Annapolis Green vs Lacey Pearl
Annapolis Green and Lacey Pearl come from the same Benjamin Moore collection. Annapolis Green reads as blue-green, while Lacey Pearl reads as beige-greige — two distinct hue families, not close cousins. The 16-point LRV gap — 78 for Lacey Pearl vs 61 for Annapolis Green — means Lacey Pearl will open up a space more effectively. Where Annapolis Green leans green, Lacey Pearl reads red — a distinction that shifts noticeably depending on the light source and surrounding finishes. A ΔE of 10.9 puts these firmly in different territory — two distinct design choices rather than close alternatives. Below you'll find 1 real-room photo comparison where both colors appear side by side, plus 5 simulated room previews.

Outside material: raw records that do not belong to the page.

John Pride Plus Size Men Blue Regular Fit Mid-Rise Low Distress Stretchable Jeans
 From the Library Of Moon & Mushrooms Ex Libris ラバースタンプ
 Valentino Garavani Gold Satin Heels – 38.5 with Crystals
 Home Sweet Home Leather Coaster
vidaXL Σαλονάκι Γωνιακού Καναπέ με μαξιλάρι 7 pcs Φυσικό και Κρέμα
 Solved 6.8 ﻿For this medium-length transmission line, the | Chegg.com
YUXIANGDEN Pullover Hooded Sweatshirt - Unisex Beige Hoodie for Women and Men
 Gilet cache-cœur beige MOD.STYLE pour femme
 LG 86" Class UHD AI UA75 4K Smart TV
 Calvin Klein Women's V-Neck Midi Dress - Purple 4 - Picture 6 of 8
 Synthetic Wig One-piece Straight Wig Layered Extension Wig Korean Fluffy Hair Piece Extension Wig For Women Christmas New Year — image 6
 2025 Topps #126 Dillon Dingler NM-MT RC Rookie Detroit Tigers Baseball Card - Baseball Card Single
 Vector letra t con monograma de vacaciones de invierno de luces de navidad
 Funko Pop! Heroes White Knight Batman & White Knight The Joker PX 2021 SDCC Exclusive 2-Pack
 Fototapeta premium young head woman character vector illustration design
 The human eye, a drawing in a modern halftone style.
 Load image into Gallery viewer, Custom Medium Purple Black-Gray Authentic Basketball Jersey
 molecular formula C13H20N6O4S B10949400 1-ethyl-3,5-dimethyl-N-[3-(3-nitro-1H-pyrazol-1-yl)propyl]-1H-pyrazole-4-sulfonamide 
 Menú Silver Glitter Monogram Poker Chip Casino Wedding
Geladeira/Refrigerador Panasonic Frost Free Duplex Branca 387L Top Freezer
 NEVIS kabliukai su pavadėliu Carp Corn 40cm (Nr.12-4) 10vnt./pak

Annapolis Green vs Lacey Pearl in Real Spaces
1 real room side by side. Seeing Annapolis Green and Lacey Pearl in actual rooms makes the difference concrete; browse the spaces below to get a feel for how each color lives on a wall.
Bedroom
Bedrooms are typically lit with warmer, lower light than the rest of the house — a condition that flatters warm tones and deepens cool ones. Lacey Pearl returns significantly more light to the room — in a smaller or darker space, that difference in perceived brightness is hard to miss.
Color Details
Annapolis Green vs Lacey Pearl Simulated Comparison
5 simulated room previews — drag the slider on each to see Annapolis Green on one side and Lacey Pearl on the other.
Digital color is approximate. These simulations are generated from the manufacturer's hex values and overlaid on grayscale room photos — your screen's calibration, brightness, and viewing angle all affect how they render. Before committing to either color, test physical samples in your own space under the light you actually live with.
More Annapolis Green comparisons
See how Annapolis Green stacks up against other well-photographed colors across different brands and tones.